3. The synchronous rapid construction method for the bent river channel lock water lock parallelism according to claim 1, which is characterized in that: in S3, a vertical blocking method is adopted for interception, a dike is firstly built in one side or two sides of a riverbed, and the dike is filled to enable the riverbed to be continuously narrowed to form a tap hole, the tap hole is rapidly filled, and seepage prevention construction is carried out.

4. A synchronous rapid construction method for a bent river channel lock water lock parallelism according to claim 3, characterized in that: in S3, the position of the tap is selected at a position with better riverbed geology and stronger scour resistance.

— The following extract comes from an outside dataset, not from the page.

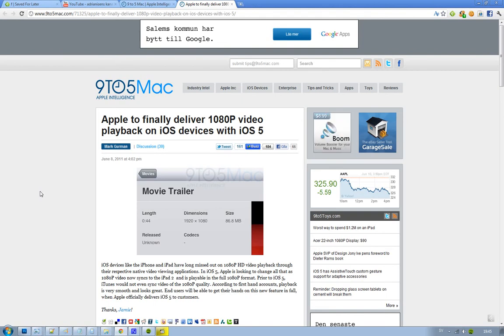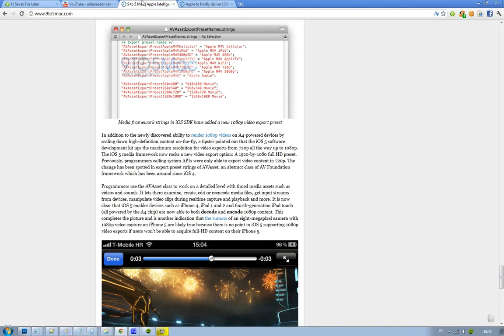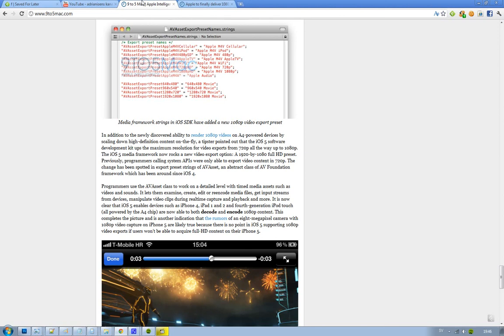And now they also found a couple of other things - that you could export to 1080p from your iOS device. I mean, before it was 720p and now it's 1080p, so that is 1920x1080 full HD that you'll be able to export. So now we have both decode and encode in 1080p.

5. The synchronous rapid construction method for the bent river channel lock water lock parallelism according to claim 1, which is characterized in that: in S1, firstly, analyzing and judging according to historical weather data of a construction area and the current season, calculating time spans of Fengshun Shui Ji, a dead water season and a flood season, and reasonably controlling construction nodes.